Courtesy of Jr. Deputy Accountant
You know, maybe they could have solved this by slapping wings on a bunch of Boston Dynamics' Cheetahs and called it a day.
It seemed like a promising step for America’s next stealth fighter: The F-35 Joint Strike Fighter passed a key Pentagon test of its combat capability. But it turns out that the family of jets cleared the mid-February exam only because its proctor agreed to inflate its grade. In essence, the military helped the F-35 cheat on its midterms.

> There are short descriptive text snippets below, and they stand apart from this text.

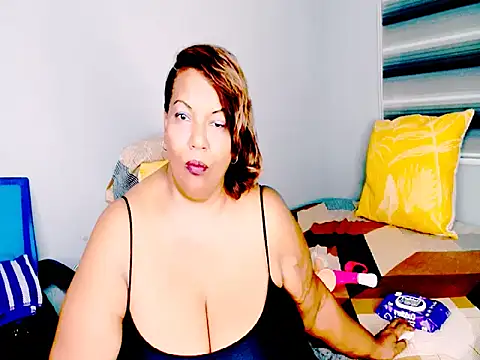 Sassy_Tassy élő XXX-chatje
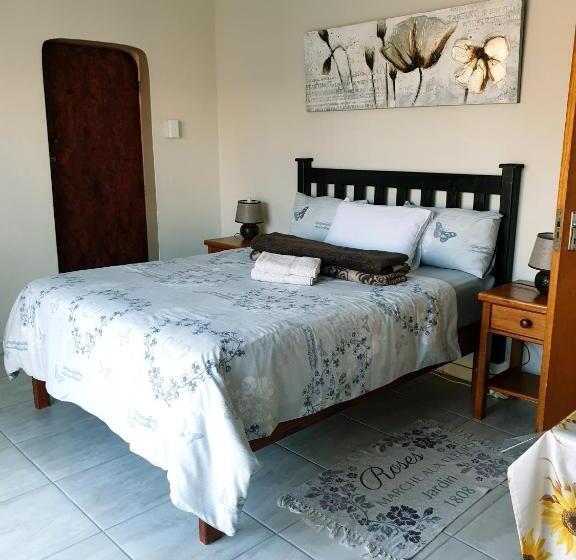 Family Room, Sunflower Self Catering
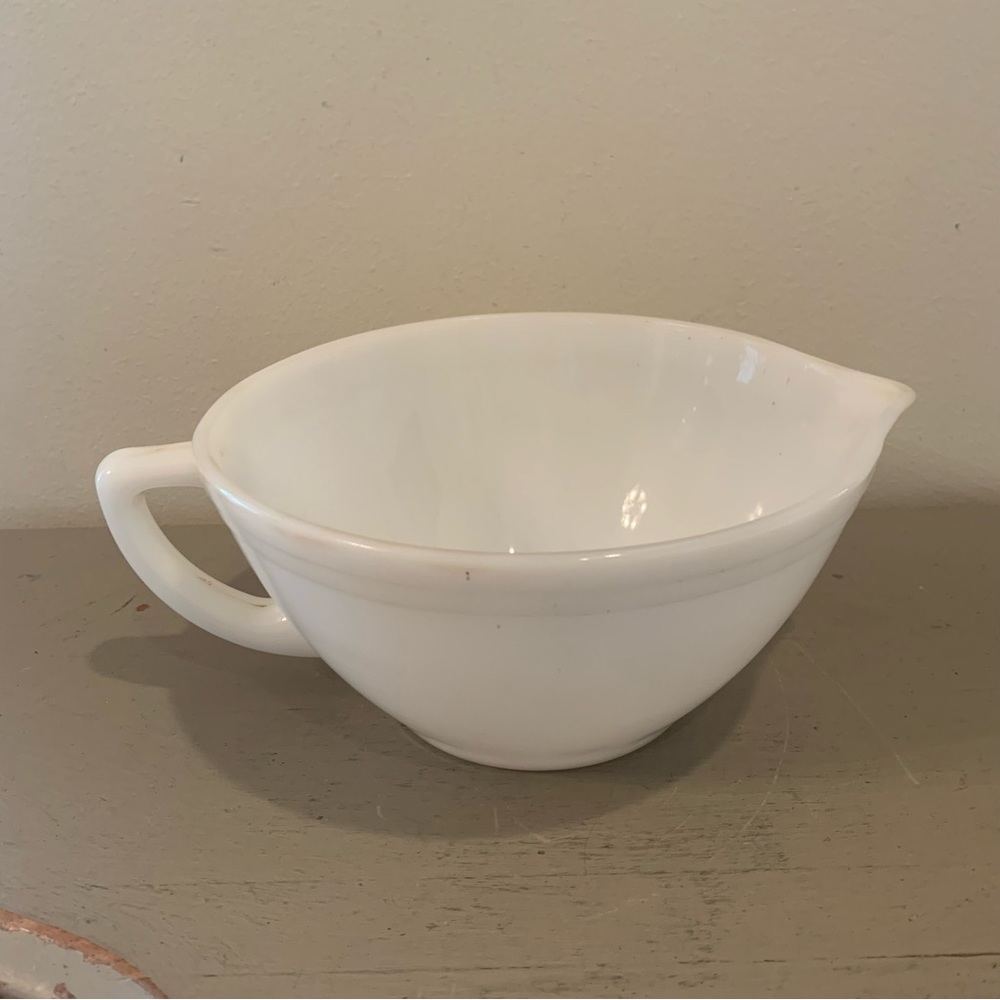 VTG 8 Inch Federal Glass Batter Bowl
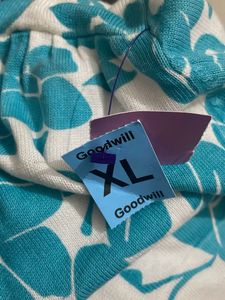 Imported cardigan new with tag 🏷️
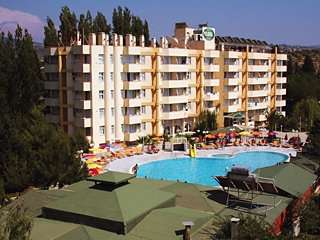 Imagen general del Hotel FLORA SUIT. Foto 1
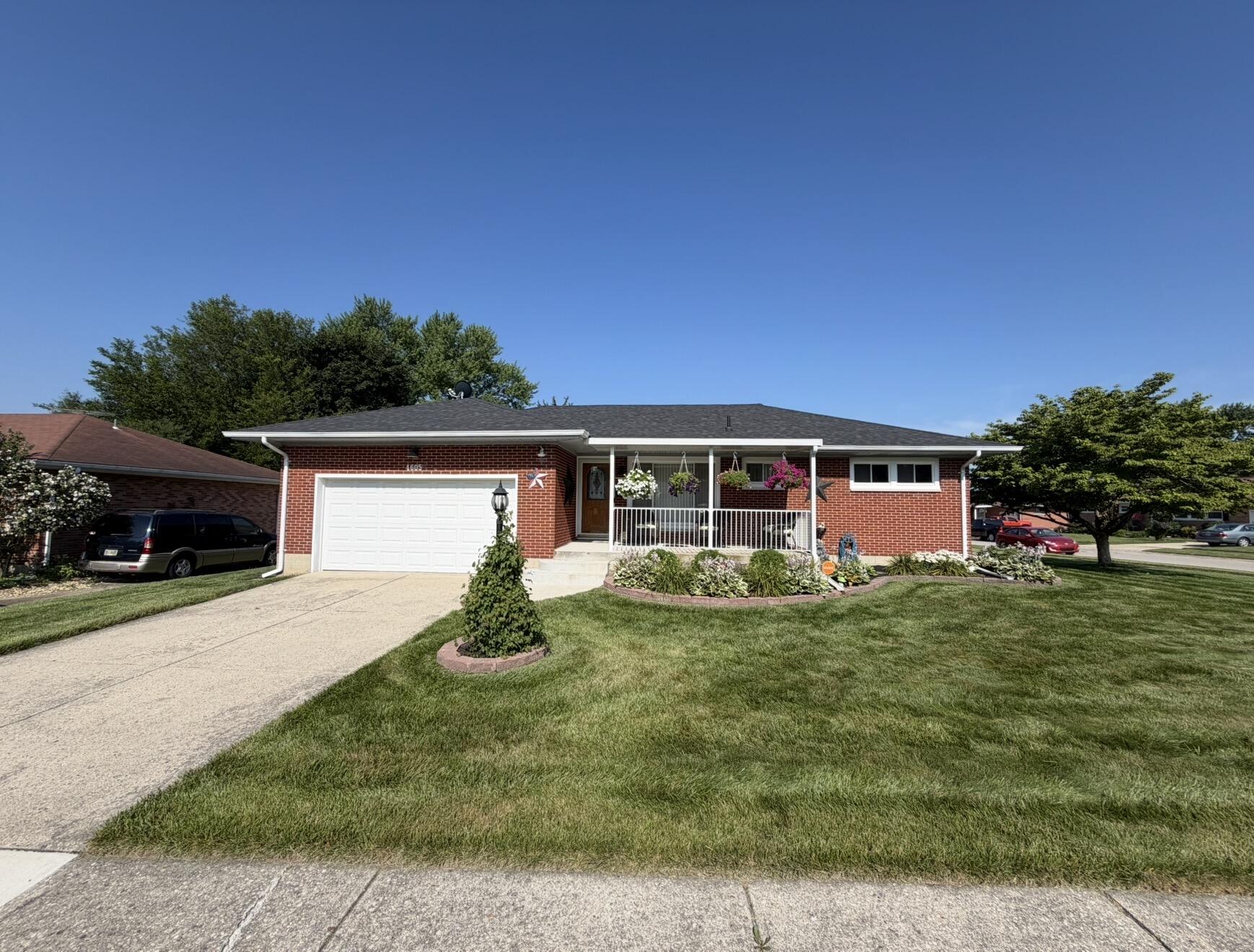 4605 Laredo Street Springfield, OH 45503 - Photo 2 of 24 IMG_5906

The collusion between the Pentagon testing body, known as the Joint Requirements Oversight Council (JROC), and the F-35 program — first reported by Inside Defense — confirmed that the U.S.’ most expensive warplane met previously established performance criteria. Specifically, the review was meant to show that the jet can fly as far and take off as quickly as combat commanders say they need it to.
But the review council, which includes the vice chiefs of the Army, Navy, Air Force and Marine Corps, eased the standard flying profile of the Air Force’s F-35A model — thereby giving it a range boost of 30 miles. And it tacked an additional 50 feet onto the required takeoff distance for the Marines’ F-35B version, which Defense Secretary Leon Panetta just took off budgetary probation.
The full cost to buy and fly the entire fleet of F-35s over 50 years would run the Pentagon $1 trillion if you factor in normal inflation (that doesn't even touch the actual inflation we're looking at over the next 50 years) – the most expensive defense program EVER.